*** Opening of DATASET EXTRACT ***

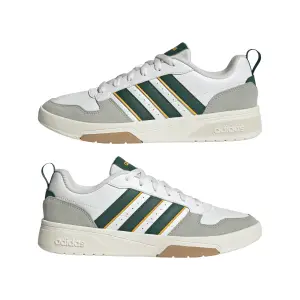 Baskets adidas Courtwave image-3
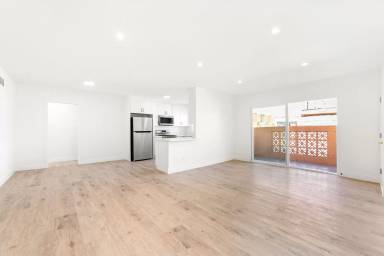 Main picture of 4901 August St
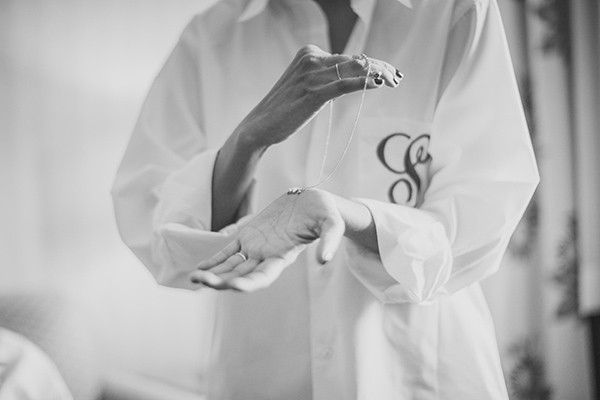 how-to-have-a-new-years-eve-wedding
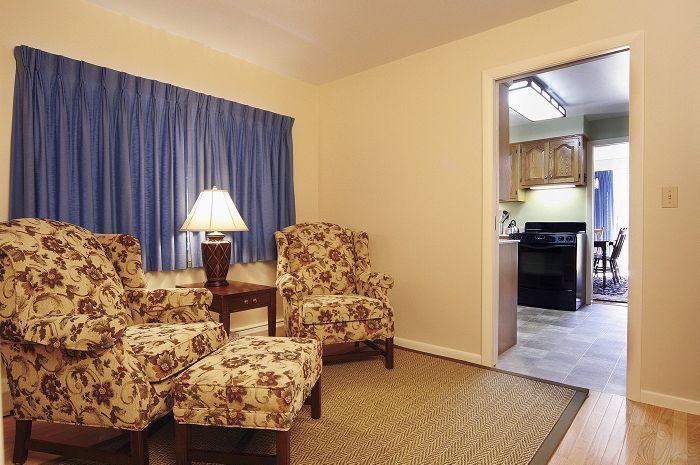 Pleasant Street Inn 락포트 외부 사진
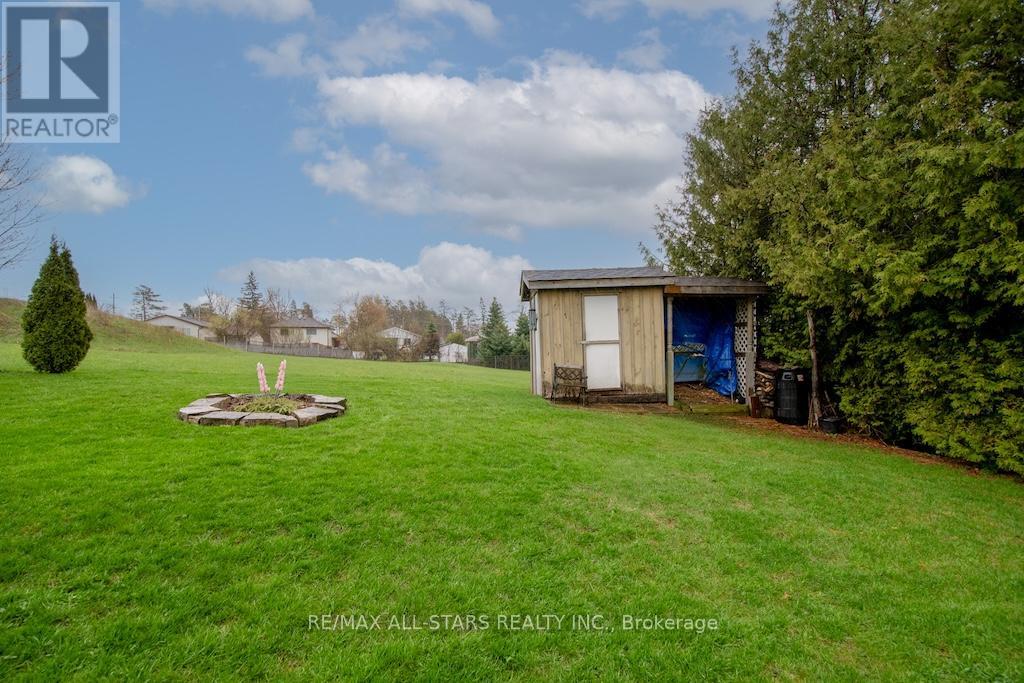 53 Hillside Drive, Kawartha Lakes, Ontario  K9V 1A3 - Photo 31 - X13074184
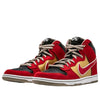 Nike SB Dunk High Pro 'Tecate' 305050-701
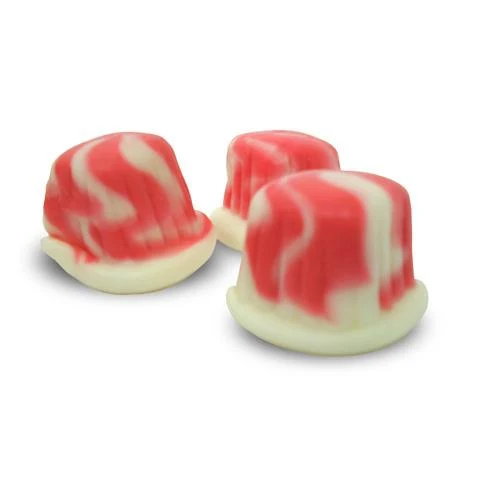 Damel Yoguritos 1 Kilo
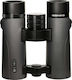 Focus Optics Binoculars 10x42mm
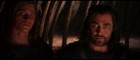 Garrett Hedlund : garrett_hedlund_1172262366.jpg Garrett Hedlund : garrett_hedlund_1172262366.jpg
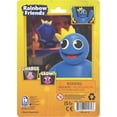 thumbnail image 2 of Rf - Action Figure, 2 of 2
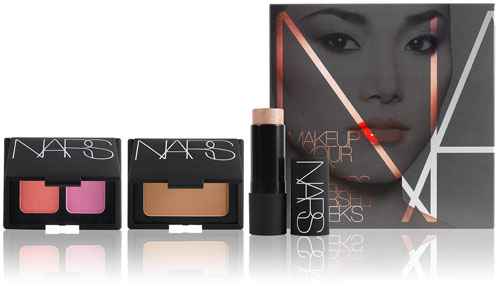 Nars
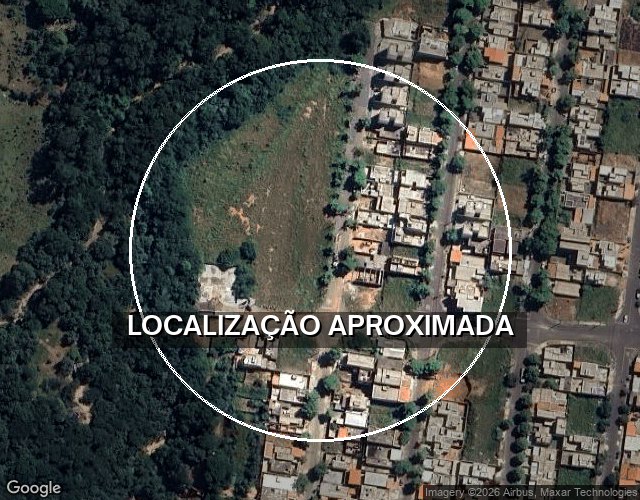 Apartamento com 1 quarto, 1 banheiro e 1 vaga de garagem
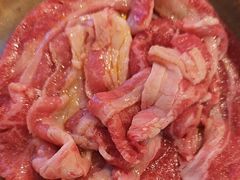 -西塔老太太泥炉烤肉(上海七宝领展广场店)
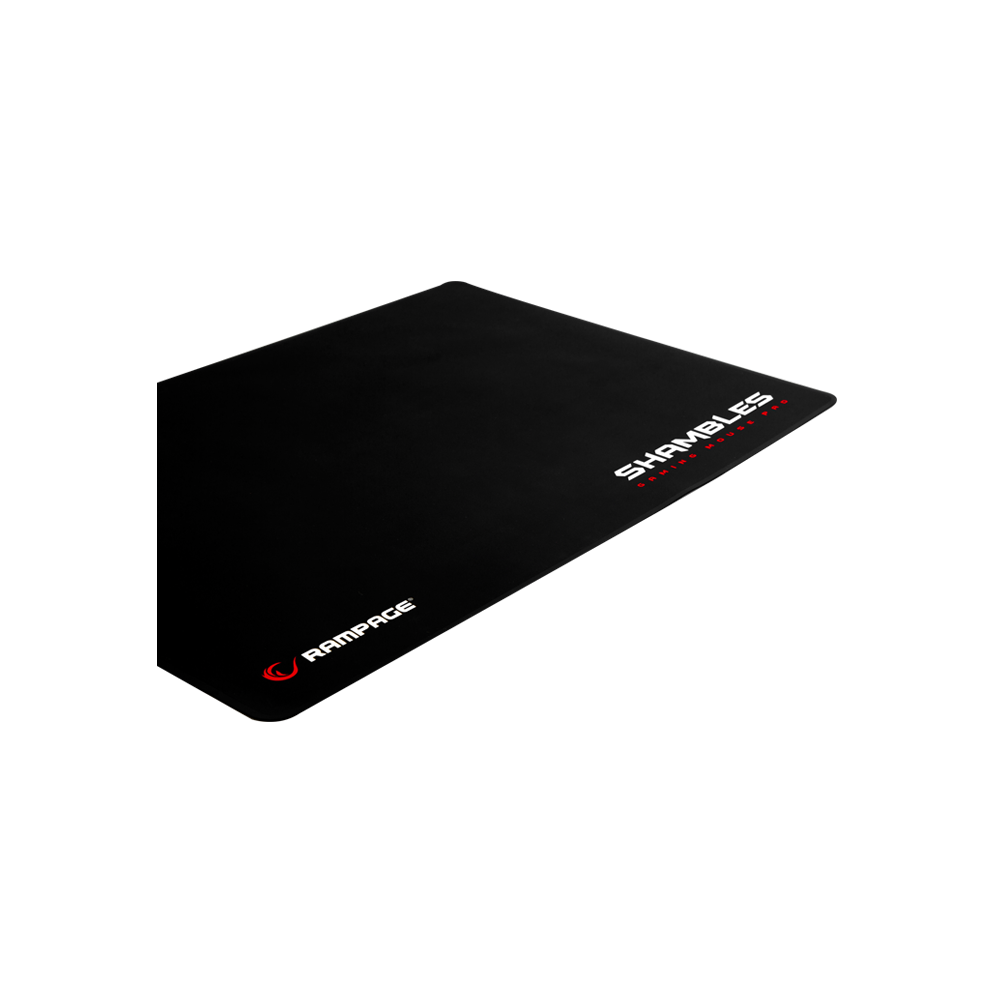 Tapis Souris Gaming Addison Rampage Shambles 400x300x1mm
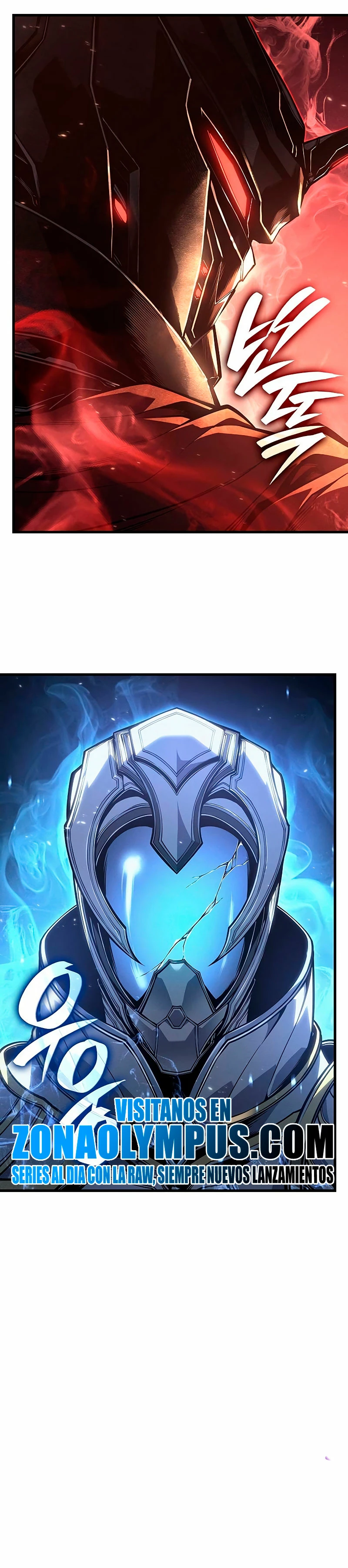 Página 41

*** Close of DATASET EXTRACT ***

# TASK BRIEF
Extract only the lines from the line containing "Garrett Hedlund : garrett_hedlund_1172262366.jpg Garrett" through the final line of the records; keep both ends and drop every picture.

# RESPONSE AREA
 Garrett Hedlund : garrett_hedlund_1172262366.jpg Garrett Hedlund : garrett_hedlund_1172262366.jpg
 thumbnail image 2 of Rf - Action Figure, 2 of 2
 Nars
 Apartamento com 1 quarto, 1 banheiro e 1 vaga de garagem
 -西塔老太太泥炉烤肉(上海七宝领展广场店)
 Tapis Souris Gaming Addison Rampage Shambles 400x300x1mm
 Página 41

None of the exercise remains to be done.